Biz, İslâm âlemi olarak 15. İslâm asrından büyük bir beklenti içindeyiz, çünkü “Esfel-i Safilin dedikleri aşağılıkların en aşağısından yükseklerin en yükseğine zıplamak gibi bir mesuliyet altında” bulunuyoruz. Bir taraftan Kumandanımızın dediği gibi “Şartlar Türkiye’yi tarihî misyonunu üstlenmeye zorluyor.” diğer taraftan bütün beşeriyet gözünü ufka dikmiş haysiyetini iade edecek olan inkılâbı gözlüyor. Her ikisini anlamlı kılan ise, sanki bir yapbozun parçaları tamamlanırcasına ve “artık zamanı geldi” dercesine hadiselerin “akıl üstü bir tertib” içinde hizalanmasında görülüyor.

Her ne kadar bütün bu hadiselerin benzerlerine tarih boyunca rastlanmışsa da, bu kadar kısa bir zaman diliminde adeta konsantre olarak bu kadar çok ve çeşitli hadisenin yaşandığı bir dönem daha bilmiyor, hatırlamıyoruz.

İşte, tam da böylesine girift ve yoğun bir gündem altında şimdi Kumandan Salih Mirzabeyoğlu’nun ısrarla altını çizdiği Miladî 2022 ve Hicrî 1444 senelerinin kesiştiği günlere doğru ilerliyoruz.

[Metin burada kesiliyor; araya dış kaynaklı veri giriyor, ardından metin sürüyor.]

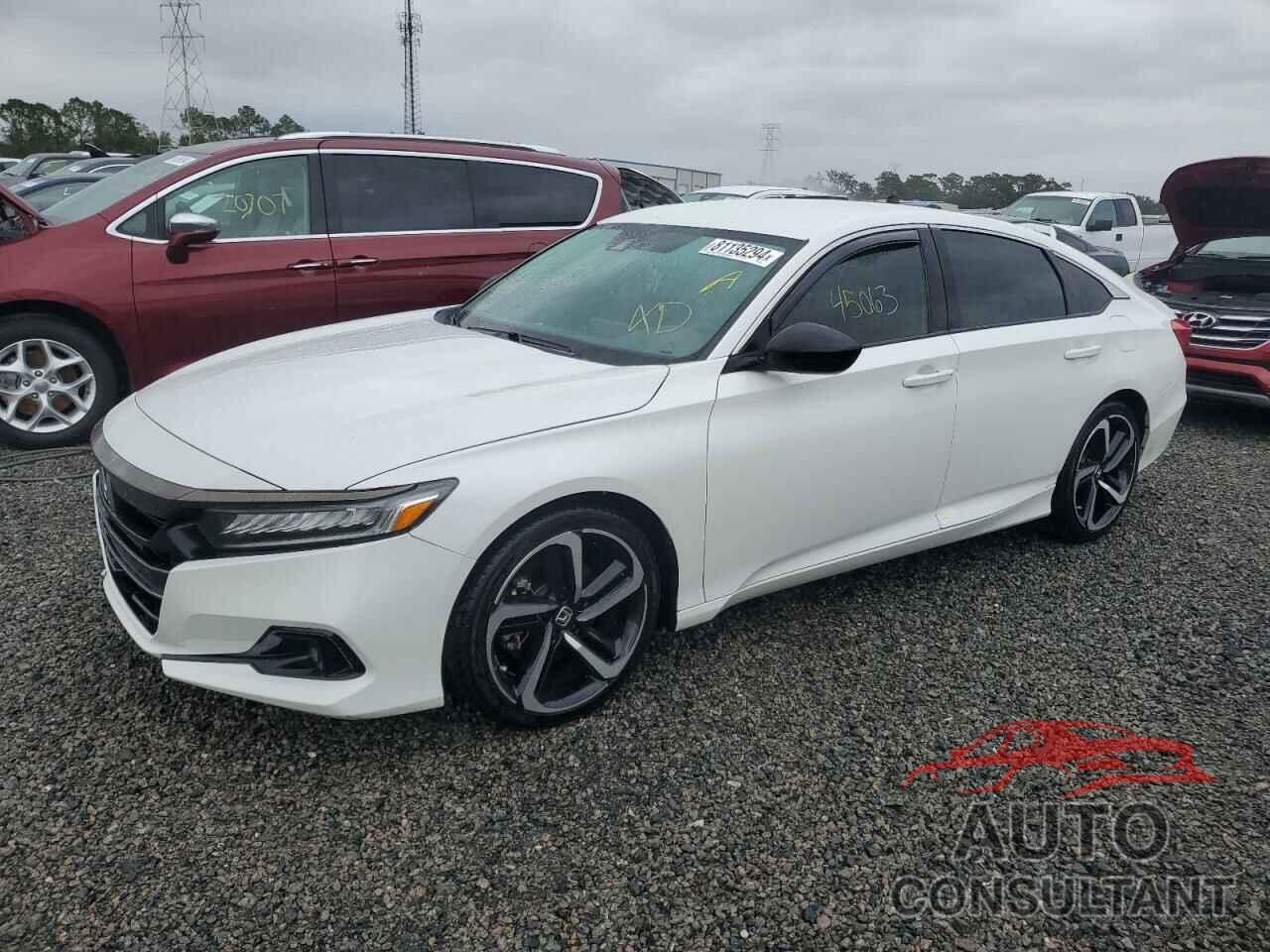 HONDA ACCORD 2021 - 1HGCV1F48MA000859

Şimdi, biraz evvel son günlerde yaşanan ve yaşanmakta olan hadiseler silsilesinin toplamına bakın, bir de memleketin gündemi üzerine yapılan siyasetçi ve gazetecilerin gündemlerine… Dışarıda da tablonun memleketimizden pek de farklı olmadığı malûm. Peki, eşya ve hadiseleri zapt ve teshir edici konumda bulunması gerek bu zevat, yaşadığımız günlerin ehemmiyetini kavramaktan yana aciz olduğu için mi saçma sapan mevzularla alâkadar oluyor yoksa bütün bu hadiseleri izah edemediği için mi? Bize kalırsa ikinci seçenek. Fırtınalı bir hava eşliğinde son derece şiddetli dalgalarla boğuşularak, her ân her şeyin değiştiği böylesi günlerde esas meseleleri konuşmak için kendine ait sabitelerin olması gerekir. Yâni, bütün bu hadiseleri aşacak, günübirlik yaşanan gelişmelerin çelmesine takılmayacak bir dünya görüşün olması icab eder. Bizim siyaset, analiz ve gazetecimizde ne olmadığı da yaşanan hadiseler karşısında deve kuşu moduna geçmelerinden anlaşılıyordur herhalde.

Bizim memlekette bir cümlenin arasına beka kelimesi sıkıştırılıyorsa, o ândan itibaren akan sular durur. 16 tane devleti yıkılmış, 17. sini kurmak zorunda kalmış bir millet için devletin varlık meselesinin “kutsal”laşmasına şaşmamak icab eder herhalde. Ne var ki, bizde içinde bekâ kelimesi geçen cümlelerin neredeyse tamamı vaziyeti tesbit etmeye dair kurulur ve genellikle statükoya yönelen tehditleri işaret etmek için kullanılır. Bütün bu tehditler her kesim tarafından kendi bekâsına risk teşkil ettiği ölçüde sıralanır durulur. Ne var ki, bilhassa Türkiye Cumhuriyeti için konuşacak olursak, devletin varlığını idame ettirebilmesinin şartlarından olan, bütün bu riskleri aslında bizzat kendisi üreten lâik Kemalist rejimin kaldırılarak hakiki ve samimi bir bekâ davası gütmek uğruna bunun yerine yerli ve millî bir rejime geçilmesi gerektiğinin ne tesbiti yapılır ne de bütün bu sorunların kaynağı düzenin yerine bir yenisi teklif edilir. E tabiî, herkesin kendi zaviyesinden mevcut riskleri milletin gözüne sokup çevresini sağlamlaştırması ve statükonun haram nimetlerinden faydalanması varken, bunu değiştirmek kimin işine gelir ki?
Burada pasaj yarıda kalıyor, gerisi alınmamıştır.